Youtubeで「幻の地平線」というドキュメンタリー番組を見ることが出来た。石原完爾、甘粕正彦李香蘭川島芳子にスポットを当てたものであるが、とりわけ新しい情報はなく、すべて既知のものばかりであったが、甘粕正彦の自決の現場に居あわせた秘書の女性のインタビューなど、同時代の人の証言は興味深かった。
李香蘭に関する部分は1942年の満州国建国10周年に撮影された「迎春花」のなかで、テーマ曲を中国語で歌うシーンが流されていた。この映画は、およそ戦争とは無縁な淡い恋物語であったが、ドキュメンタリーは彼女が映画の中で最も輝く場面、つまり中国語で「歌う李香蘭」を紹介していた。ゲストの高島忠夫が、戦後に自分が映画界に入ったときに、当時、日本の女優として活躍していた山口淑子に会って、子供の時に見た「白蘭の歌」や「熱砂の誓い」のころとすこしもかわらない若々しい姿に大変に驚いたといっていた。戦前を知る彼が、戦後の彼女のことを「李さん」と読んでいたのが印象的であった。

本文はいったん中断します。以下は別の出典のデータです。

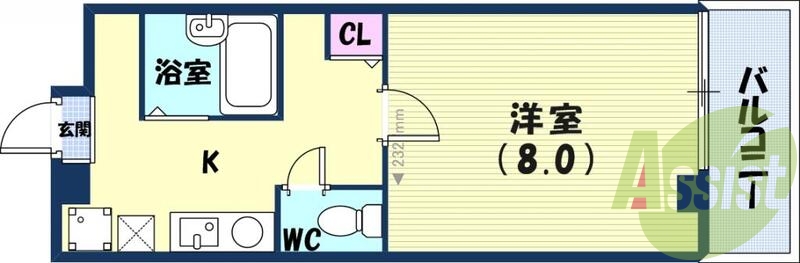 4階の間取り図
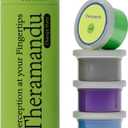 4 Pack Theramandu Therapy Putty Kit (3oz Each)  Hand Putty Physical Therapy for Kids & Adults, Sensory Stress Relief & Hand Muscle Strengthening Exercise Therapy Putty, 4 Different Resistances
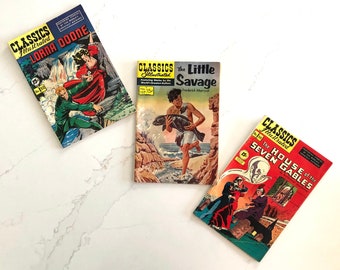 Vintage Classics Illustrated Comic Books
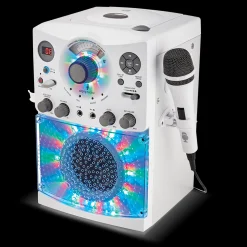 Singing Machine Portable Bluetooth Karaoke Machine with Wired Microphone and LED Disco Lights* Karaoke Machines & Accessories|Electronics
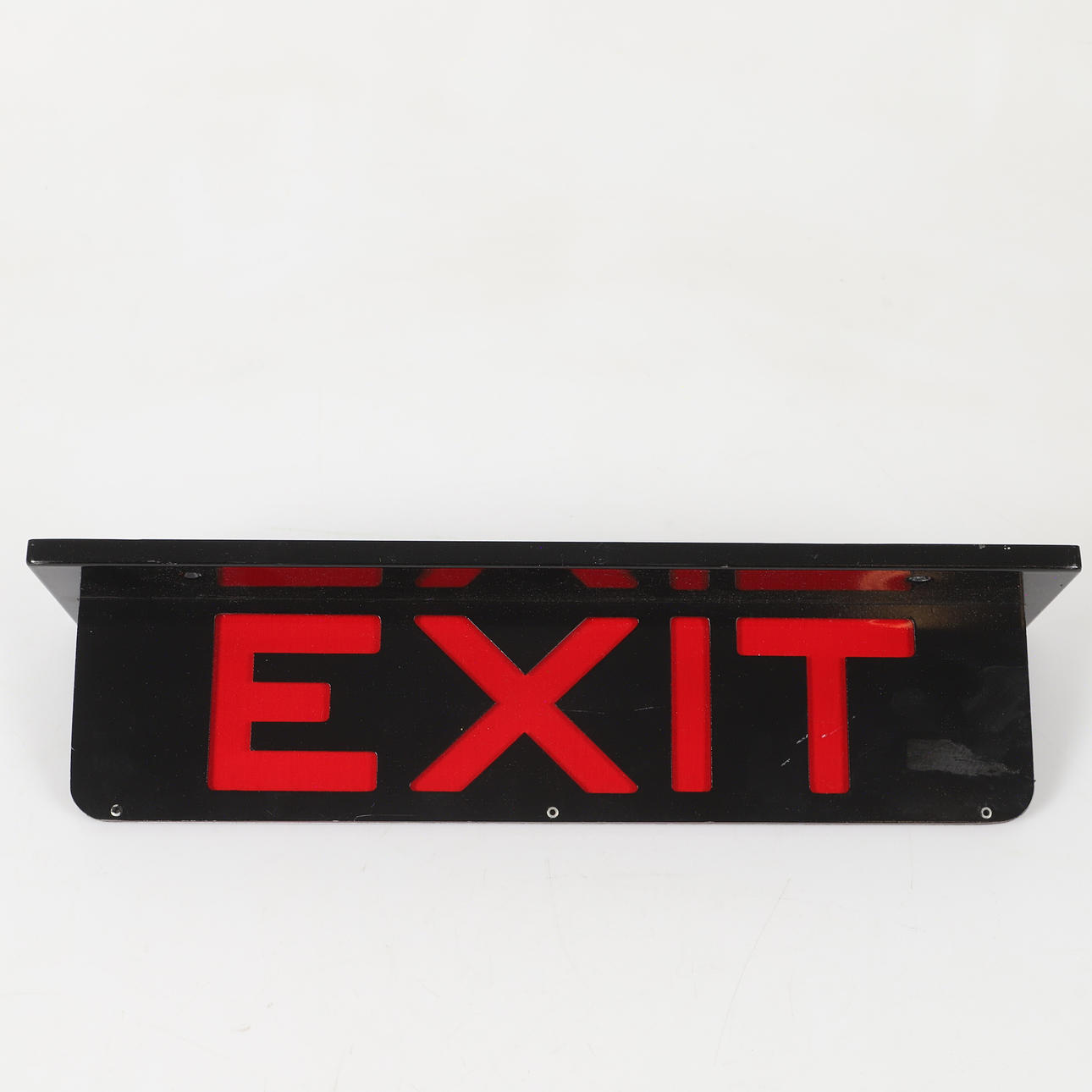 SIGN, “EXIT”, plastic.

ところで、李香蘭満映をやめることを決意して甘粕にあったときに、甘粕が「アラビヤのロレンス」を読んでいたという逸話は、山口淑子の「私の半生」のなかにあったと記憶しているが、これは中野好夫の書いた「アラビヤのロレンス」(岩波新書1940年)であったのだろう。

甘粕はどんな思いで「アラビヤのロレンス」を読んでいたのであろうか。オスマントルコに支配されていたアラブの土豪をまとめて、英国の指導のもとに新しいアラブ人の国家を建設するという夢にロレンスは賭けていたわけだが、それは、大日本帝国の主導のもとに、満州族蒙古族そして白系ロシア人など五族を協和させて新しい国家を建設する夢を見ていた甘粕にとって他人事ではなかったであろう。二人は或意味で似たような理想を追っていたのである。第一次世界大戦戦勝国となった英国ではロレンスはアラビヤの英雄として祭り上げられたが、第二次大戦の敗戦国となった日本の甘粕は、偽満州国を画策したイカガワしい男、として記憶されることとなった。

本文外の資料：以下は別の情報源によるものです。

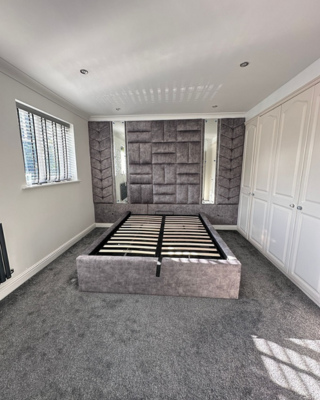 Royal Platinum Bed UK – Luxury Upholstered Panel Bed Frame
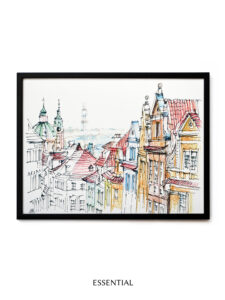 architektura dachów Małej Strany w Pradze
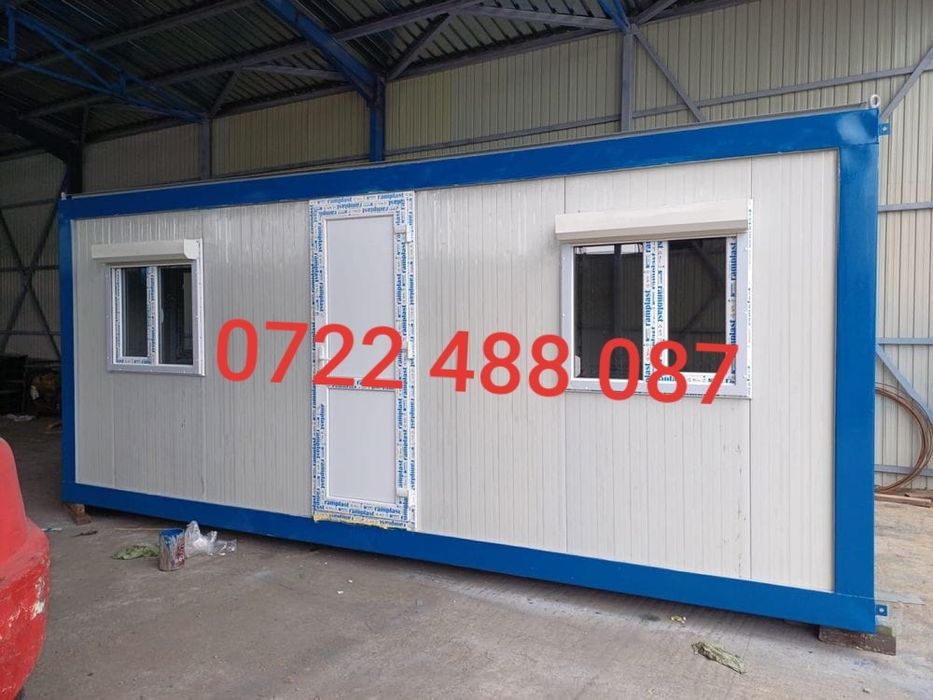 Container modular birou, locuinta, vestiar, spatiu comercial  7 x 2.40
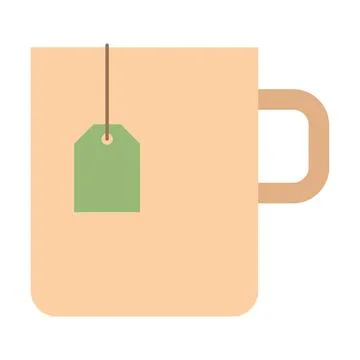 Tea mug clip art vector illustration Stock-Illustration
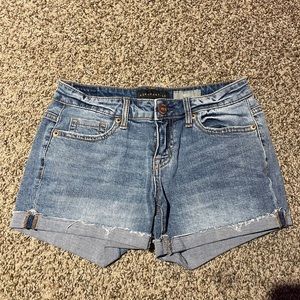 Aeropostale Mid-rise Jean Shorts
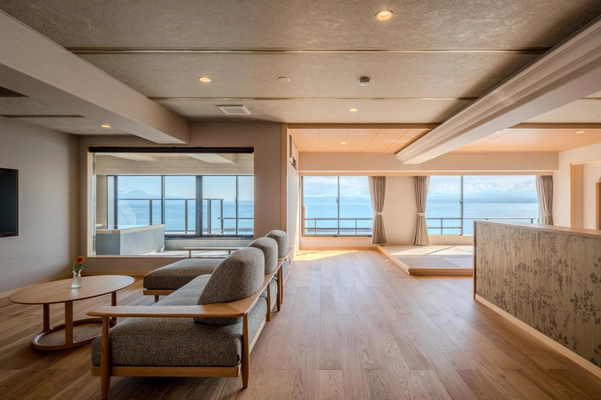 2025年9月 指宿温泉 夫婦露天風呂の宿 吟松に新客室がリニューアルオープンいたしました。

性格的には、アラビヤのロレンスは、どこか神懸かり的な預言者気取りであった。ときには自分をモーゼになぞらえていたこともあった、その点では、日蓮宗の信者で、末法の世に出現した予言者ともいうべき石原完爾とにており、陰気くさくきまじめな甘粕とは対照的な英雄気質を持った人であった。甘粕は自分にない洞察力を持った英雄として、アラビヤのロレンスに惹かれていたのではなかろうか。
しかし、どんな英雄にも光と陰がある。今日、ヒットラーといえば、ユダヤ人虐殺の張本人として闇の部分だけが強調されるが、ナチスドイツがフランスを降伏させたときは、彼はドイツ人の間で喝采された英雄ではなかったか。中国の場合でも、毛沢東はどうか。中華人民共和国の建国の父としての毛沢東は光に包まれているが、晩年の彼の政策的な誤りによってどれほど多くの中国人が闇の中に消えていったことだろうか。
善悪二元論という子供じみた考え方に囚われてはなるまい。神ならぬ人間の世界に於いては、どれほど「悪玉」として後世非難されたものでも、そのなかに光の部分があるのであり、逆に言えば、どんな「善玉」として称揚された英雄の中にも、勝利者の立場から書かれた歴史の中では隠蔽された闇の部分があると考えた方が良いのである。